Sen. Susan Collins, R-Maine, and several other senators said they had received an “ironclad promise” from Senate and House Republican leaders and the White House essentially to rescind the provisions in the first spending bill to pass through Congress next year.

Having lost the first battle with the president over job security, and the second battle with the House over the new provisions, many Democrats felt obliged to swallow their pride and vote for the bill on final passage. Daschle said there was language in the bill that Congress would regret, and predicted that more legislation would be needed to correct the problems he said were built in.

Sen. Joseph I. Lieberman, D-Conn., whose Governmental Affairs committee first proposed the department more than a year ago, when the White House was dismissing the idea, said he was “thrilled” that a department largely of his architecture was finally approved.

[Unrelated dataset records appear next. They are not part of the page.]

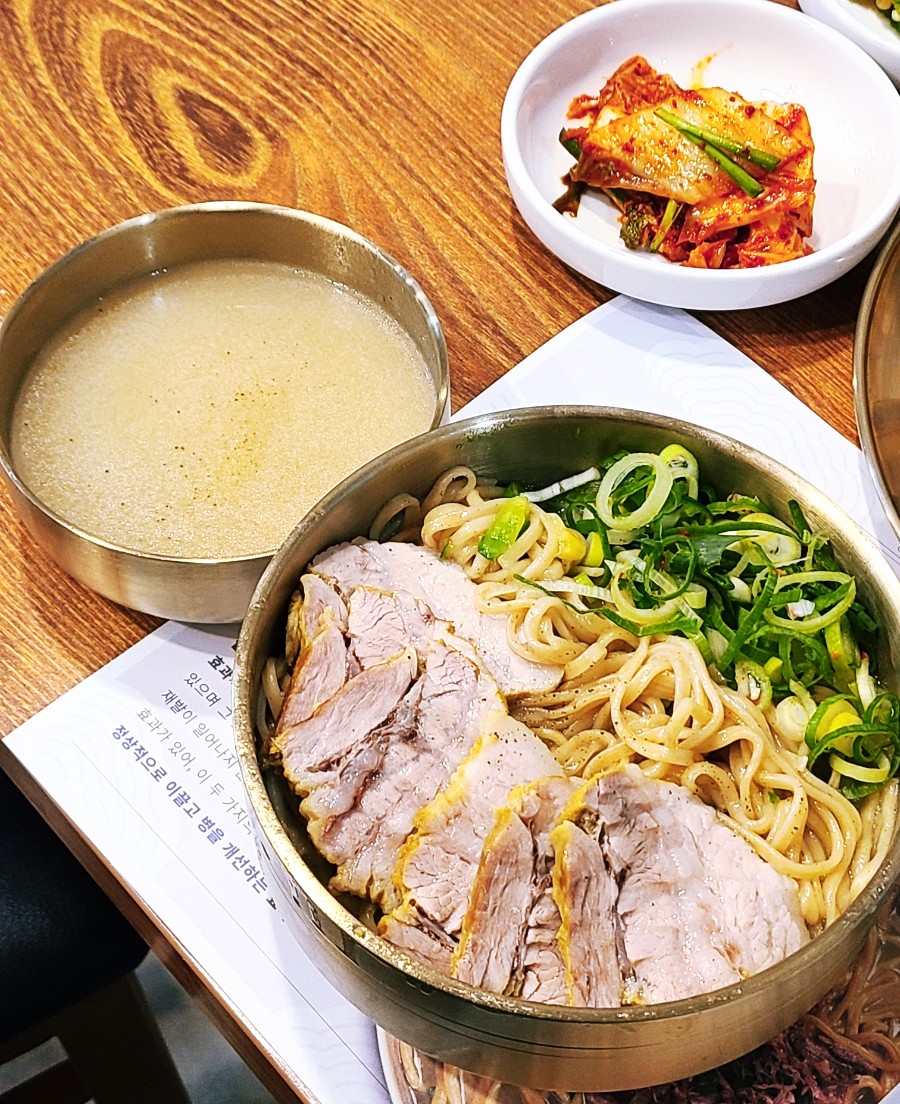 국시와막걸리 이미지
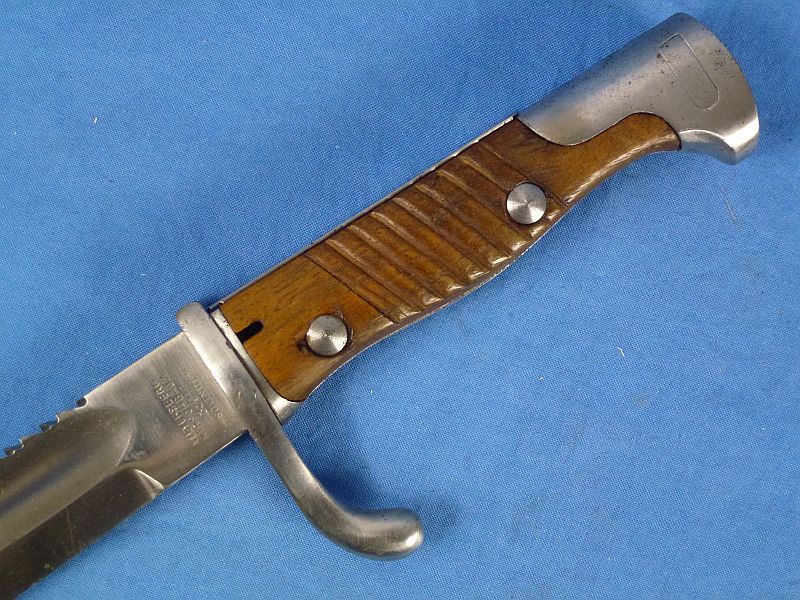 Excellent Condition 1916 Dated Model S98/05 Dress "Butcher Blade" Sawback Bayonet by WKC with Frog and Portepee - Image 9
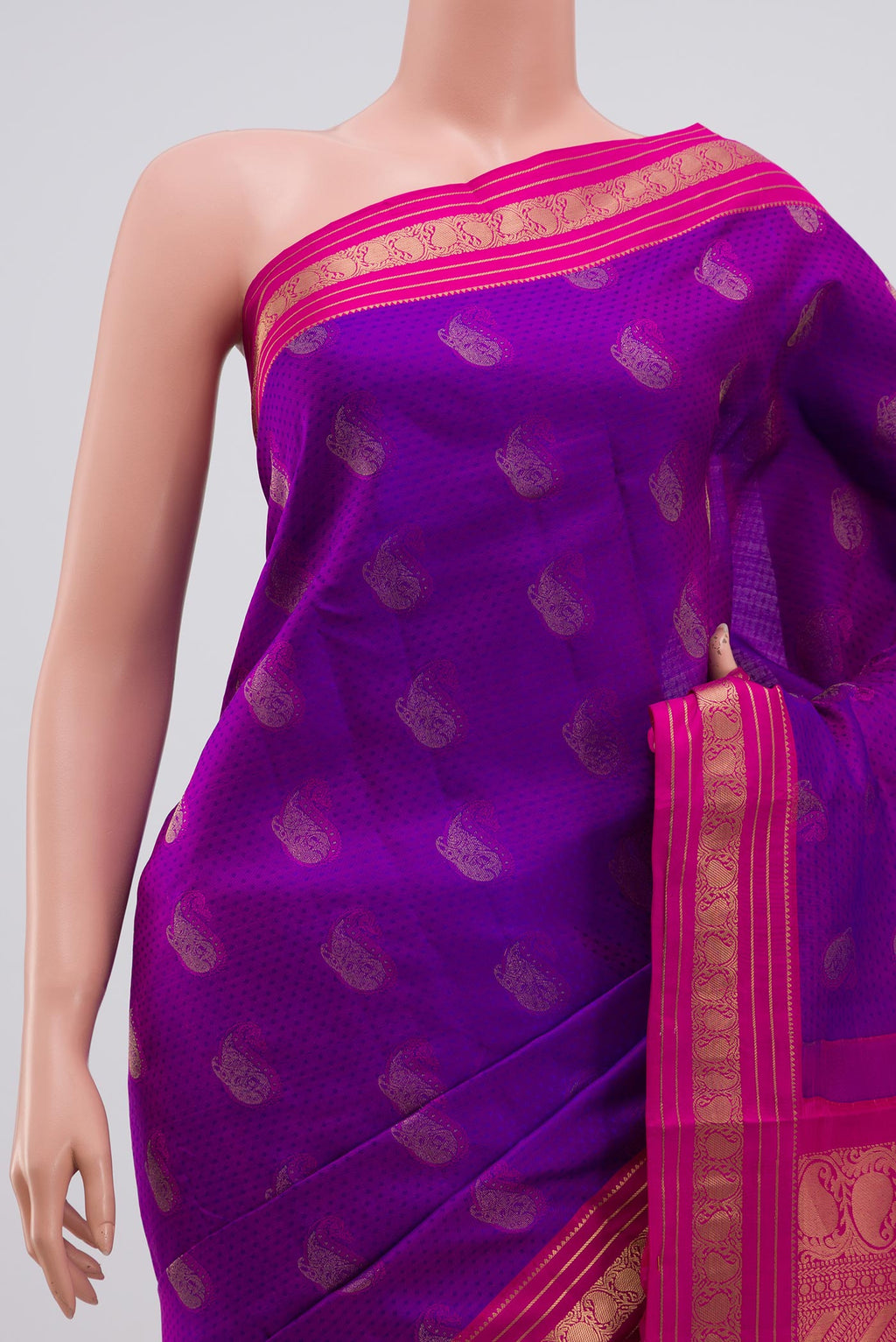 Border image of Purple Kanchipuram Saree with Jacquard With Zari Butta on the body and Zari Border. 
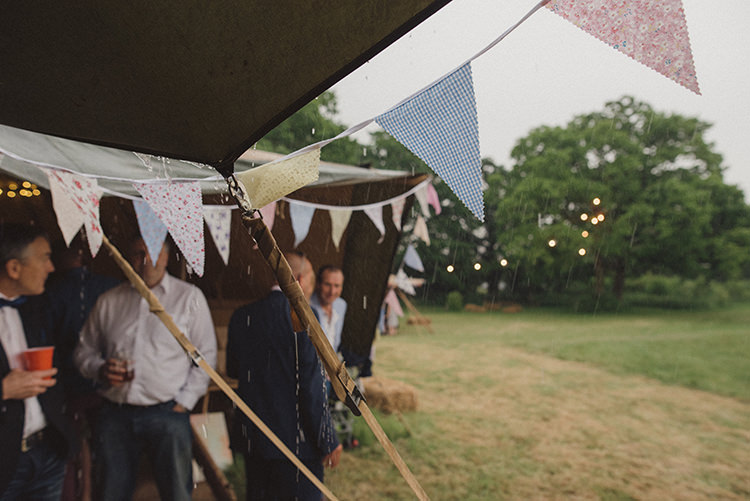 Rustic Quirky Woodland Wedding http://www.rebeccadouglas.co.uk/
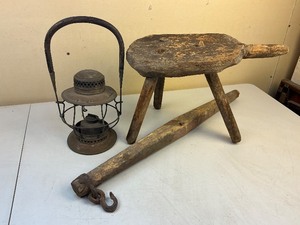 lot 132 image: Antique Primitive Milking Stool - Plus Extras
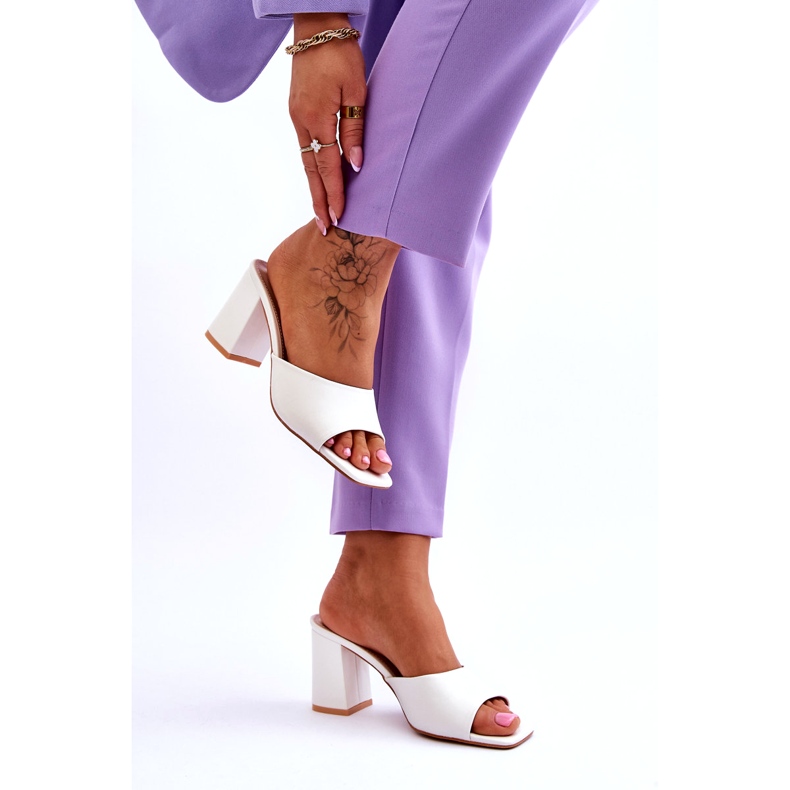 Chinelos Clássicos Femininos Branco Loara 4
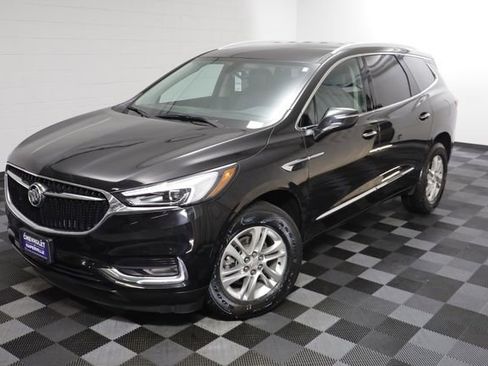 Used 2020 Buick Enclave Essence image 2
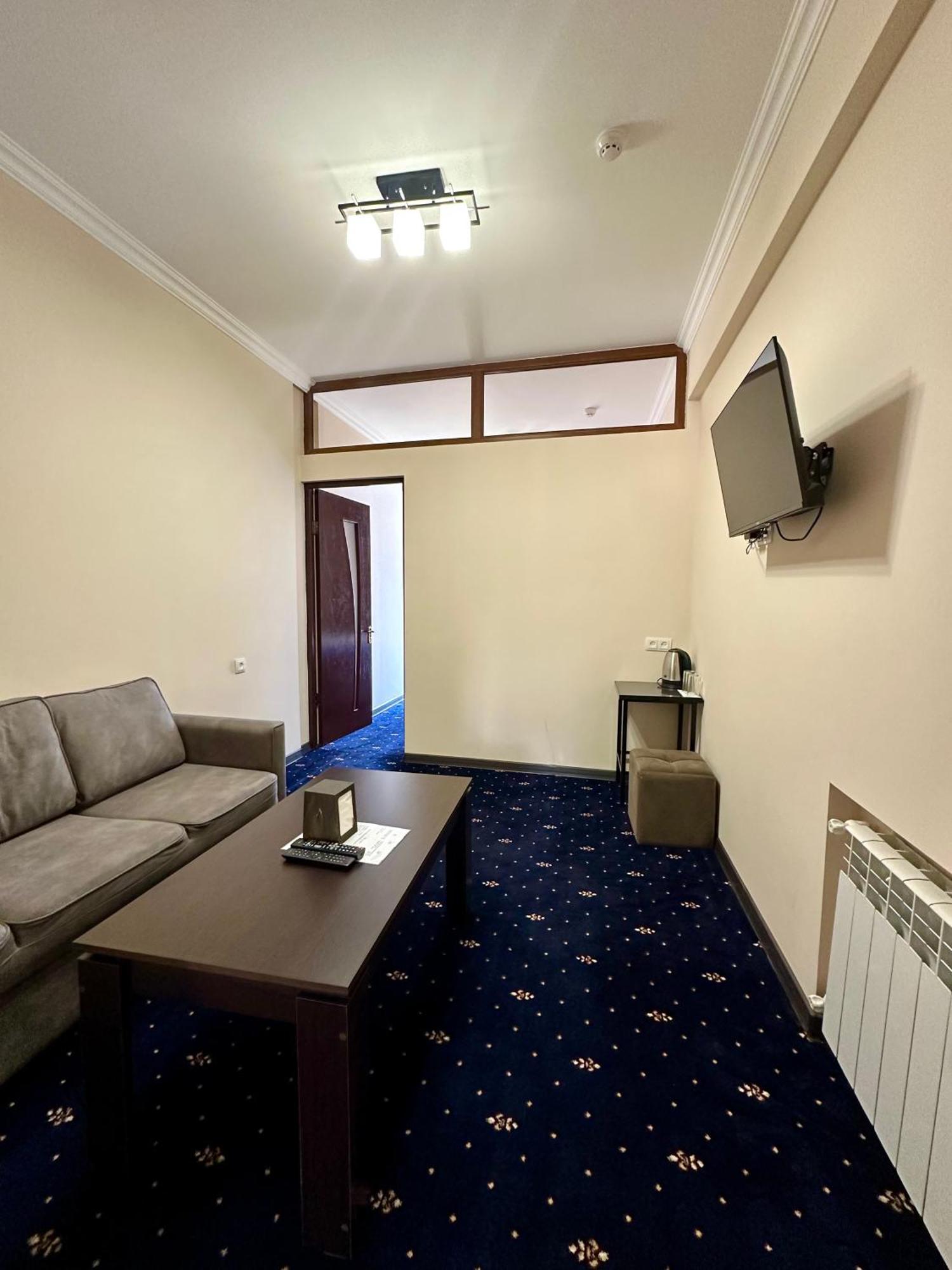 Hotel - Saya تساجكادزور المظهر الخارجي الصورة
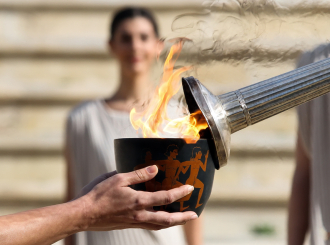 U drevnoj Olimpiji upaljen olimpijski plamen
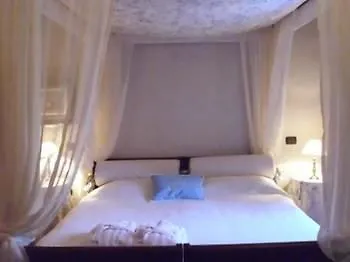 Castello Di Vigoleno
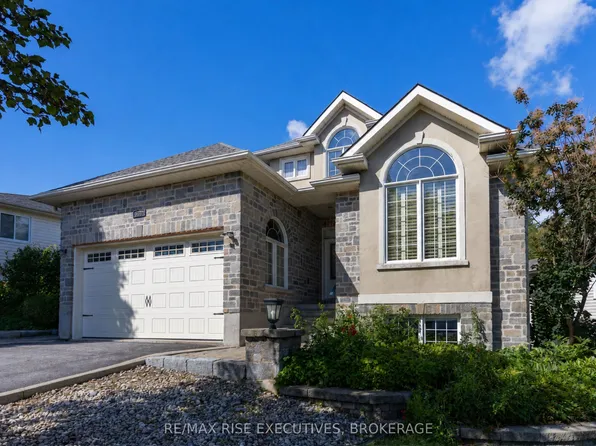 700 Melrose St, Kingston, ON K7M 9B4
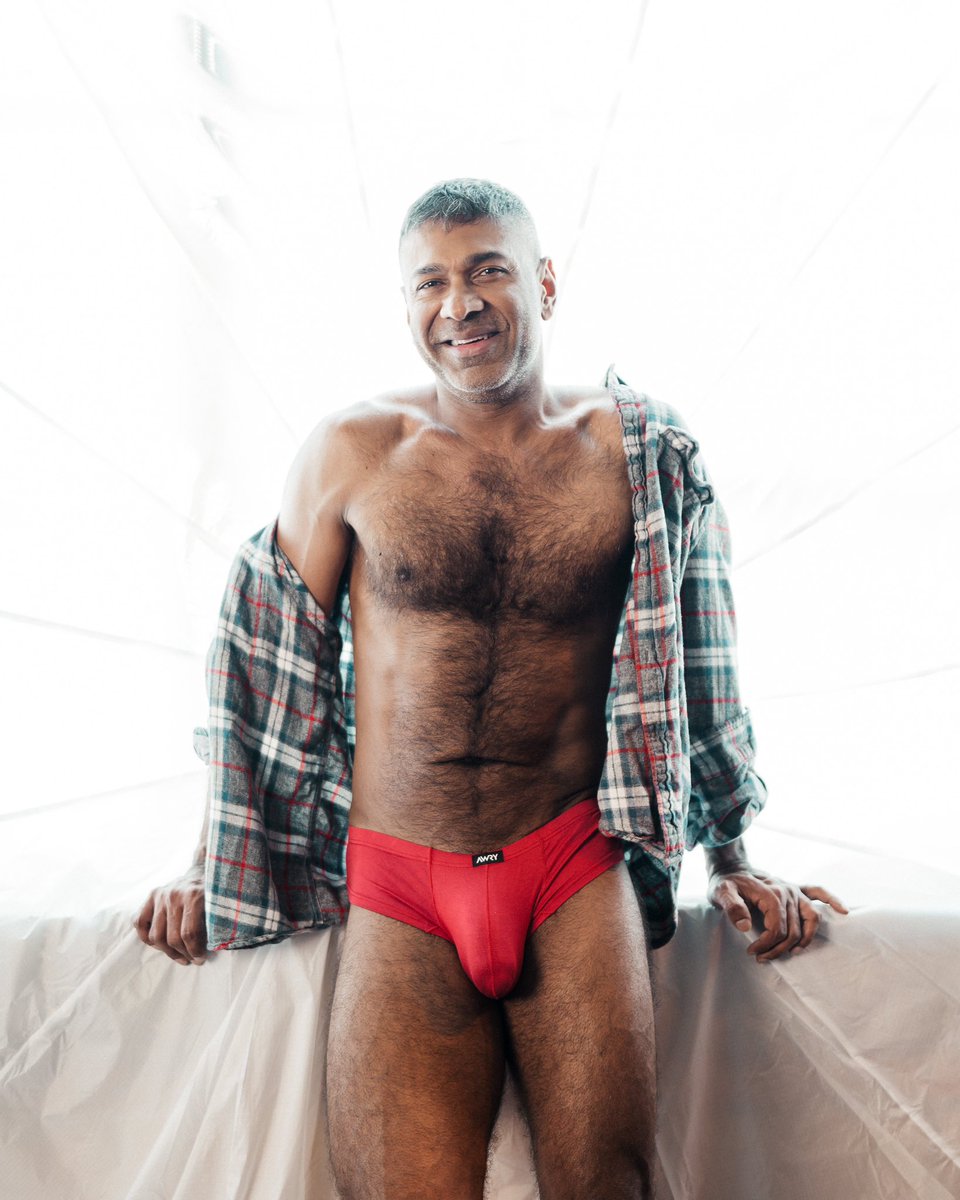 MagicMikeHung1's tweet photo. Dear followers, 
We are all aging and in present times we are aging fast it seems. 
But Do you think I am aging like a fine wine ??? 🤩🥰🥵😈 
📸 by @bywayofiker https://t.co/dgFVEZVoIW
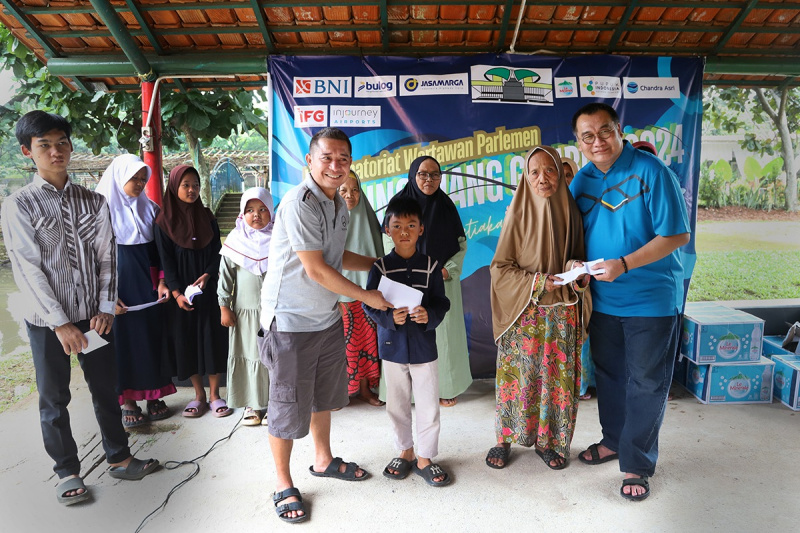 Koordinatoriat Wartawan Parlemen menggelar lomba mancing dalam rangka memperingati Hari kesetiakawanan Sosial Nasional di Kolam pancing Cinangka, Depok (Ashar/SinPo.id)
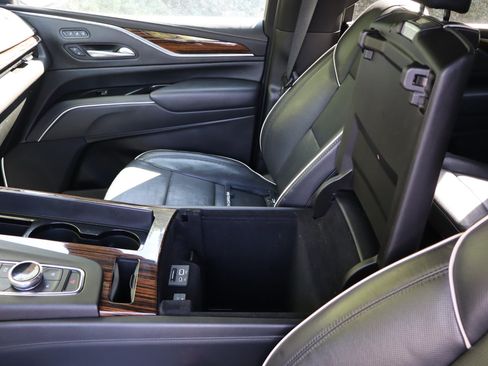Used 2022 Cadillac Escalade Premium Luxury AWD/4WD image 35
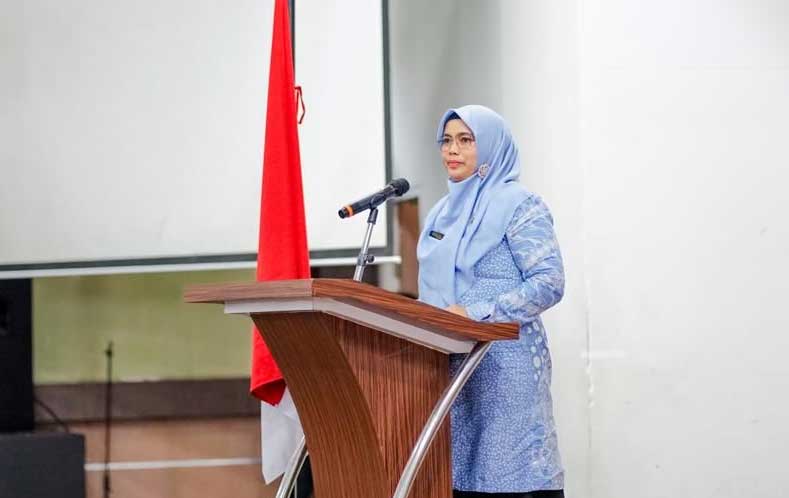 Kepala Dinas Komunikasi dan Informatika, Teta Midra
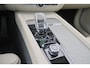 Volvo XC60 T6 Recharge AWD Ultimate Bright - Luchtvering - Panorama/schuifdak - IntelliSafe Assist & Surround - 360º Camera - Harman/Kardon audio - Massagefunctie - Verwarmde voorstoelen, stuur & achterbank - Parkeersensoren voor & achter - Elektr. bedienb. voorstoelen met geheugen - Head up display - Draadloze tel. lader - Standkachel - Extra getint glas - Inklapbare trekhaak - 21' LMV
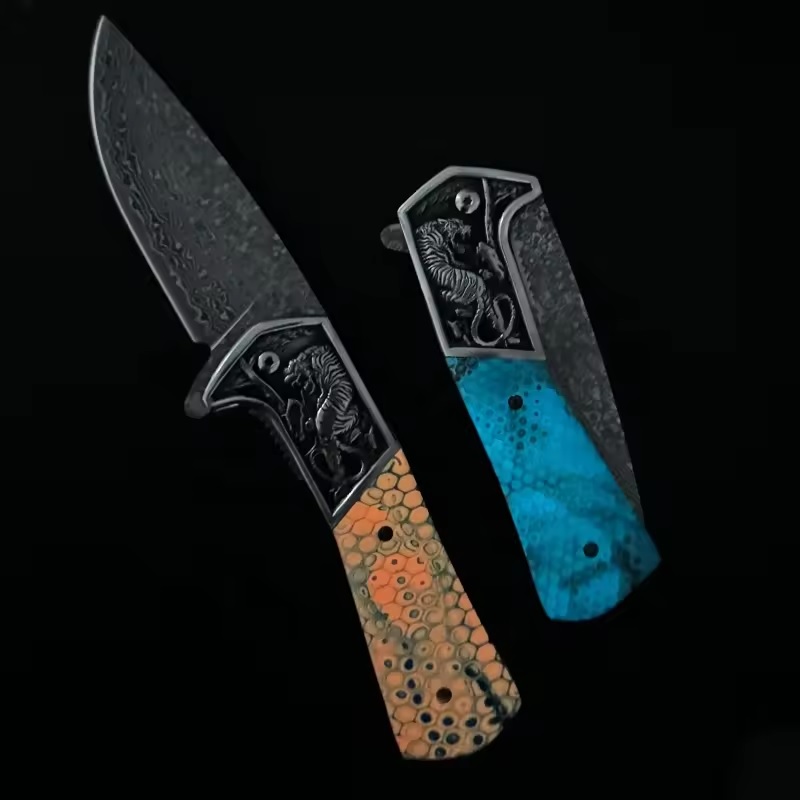 Coltello pieghevole da esterno damascato CO-42105 DA3244 - Blu / Seconda scelta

“It took too long to happen, and there are many things here I disagree with,” he said. “But the good far outweighs the bad. It’s very significant and critically important development for the security of the American people.”

Phil Gramm of Texas, the president’s chief Senate supporter in changing the civil service protections in the bill, acknowledged that Democrats had written 95 percent of the bill and acknowledged the paradoxical role of small-government Republicans like him in advocating for such a large department.

Faced with the strong possibility the bill would not be approved yesterday, Senate Republican leader Trent Lott of Mississippi scrambled to quell the rebellion by promising his caucus to undo what they considered to be the three most egregious House provisions. When Chafee and others asked for a similar promise from the House, Lott tracked down Speaker J. Dennis Hastert, R-Ill., in Turkey, along with incoming House Majority Leader Tom Delay, R-Texas, and extracted their promises to do the same.